Short web captions >>

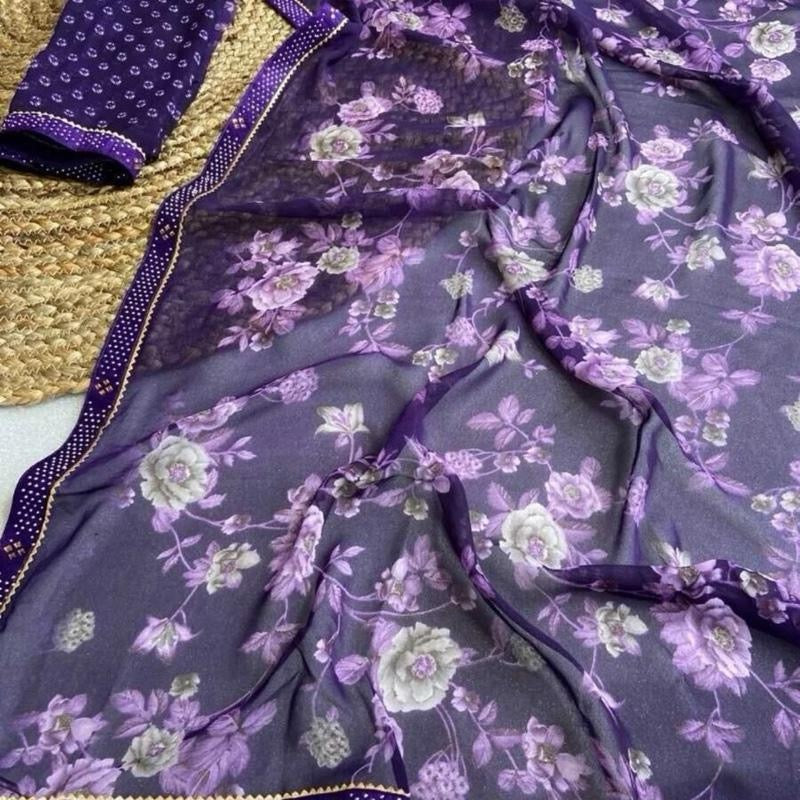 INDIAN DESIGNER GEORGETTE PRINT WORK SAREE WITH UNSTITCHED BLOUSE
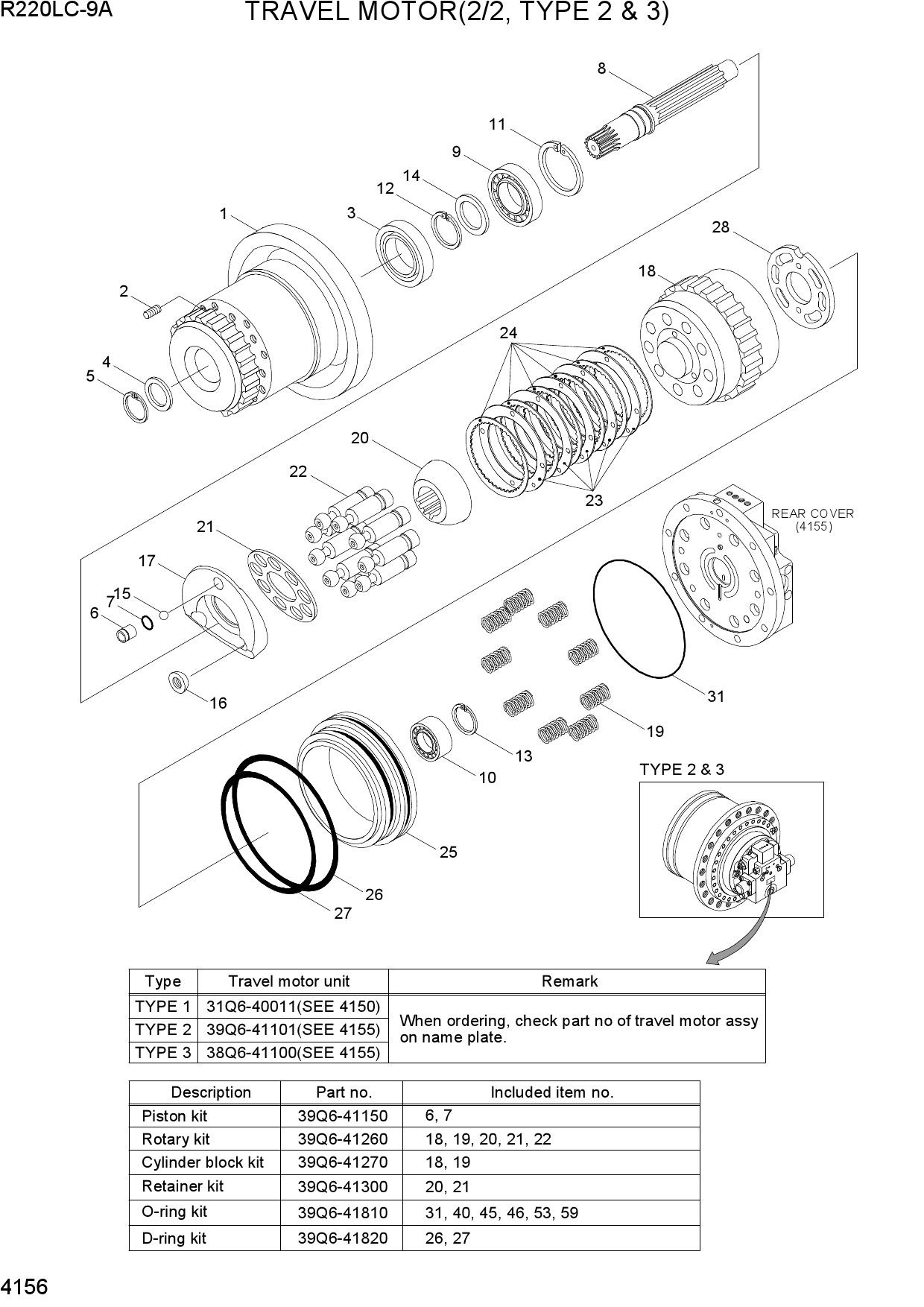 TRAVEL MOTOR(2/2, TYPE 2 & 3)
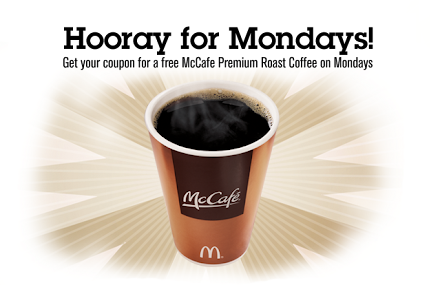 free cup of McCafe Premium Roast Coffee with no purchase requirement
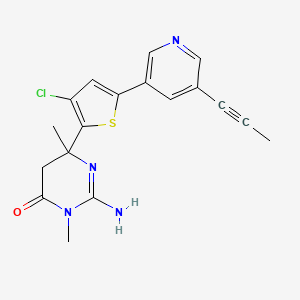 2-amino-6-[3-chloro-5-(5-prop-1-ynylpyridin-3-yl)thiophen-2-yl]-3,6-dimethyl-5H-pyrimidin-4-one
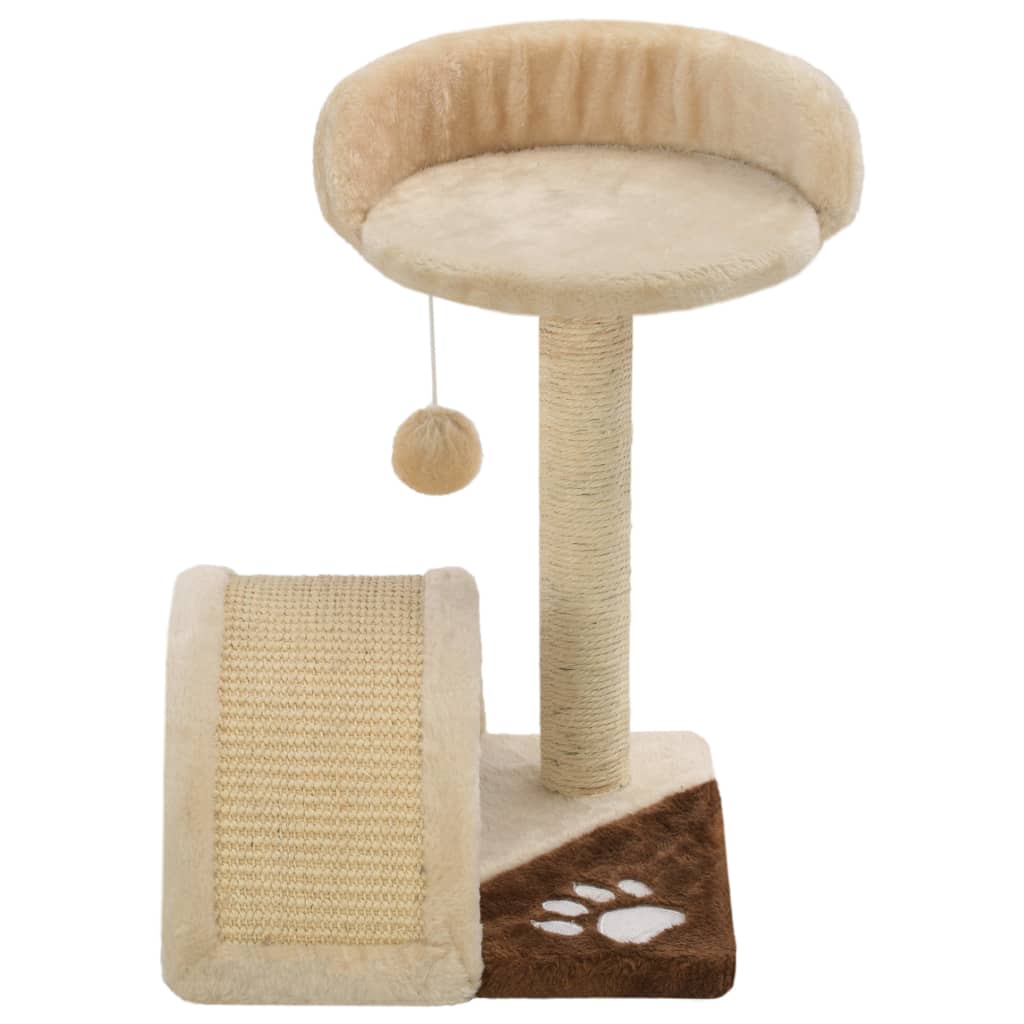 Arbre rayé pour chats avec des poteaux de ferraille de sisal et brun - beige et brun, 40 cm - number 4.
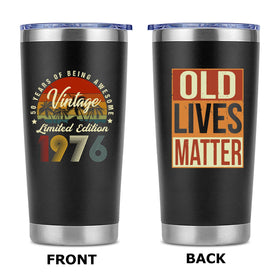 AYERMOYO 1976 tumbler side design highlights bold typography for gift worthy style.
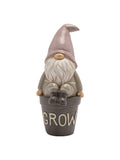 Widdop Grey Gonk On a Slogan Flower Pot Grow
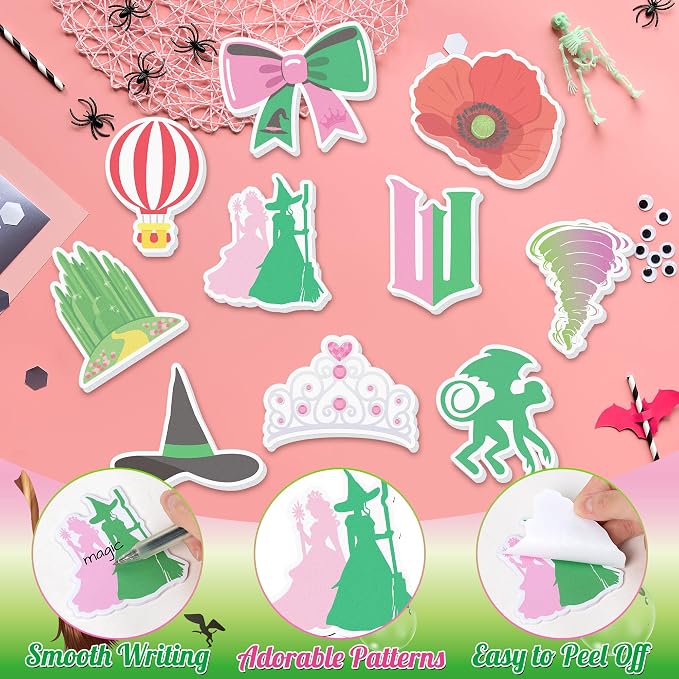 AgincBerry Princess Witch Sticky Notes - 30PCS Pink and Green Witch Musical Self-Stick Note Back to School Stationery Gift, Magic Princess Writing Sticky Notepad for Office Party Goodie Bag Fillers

Problem statement >>
Quote each record exactly as it stands, minus the pictures.

Exercise answer >>
 INDIAN DESIGNER GEORGETTE PRINT WORK SAREE WITH UNSTITCHED BLOUSE
 TRAVEL MOTOR(2/2, TYPE 2 & 3)
 free cup of McCafe Premium Roast Coffee with no purchase requirement
 2-amino-6-[3-chloro-5-(5-prop-1-ynylpyridin-3-yl)thiophen-2-yl]-3,6-dimethyl-5H-pyrimidin-4-one
 Arbre rayé pour chats avec des poteaux de ferraille de sisal et brun - beige et brun, 40 cm - number 4.
 AYERMOYO 1976 tumbler side design highlights bold typography for gift worthy style.
 Widdop Grey Gonk On a Slogan Flower Pot Grow
 AgincBerry Princess Witch Sticky Notes - 30PCS Pink and Green Witch Musical Self-Stick Note Back to School Stationery Gift, Magic Princess Writing Sticky Notepad for Office Party Goodie Bag Fillers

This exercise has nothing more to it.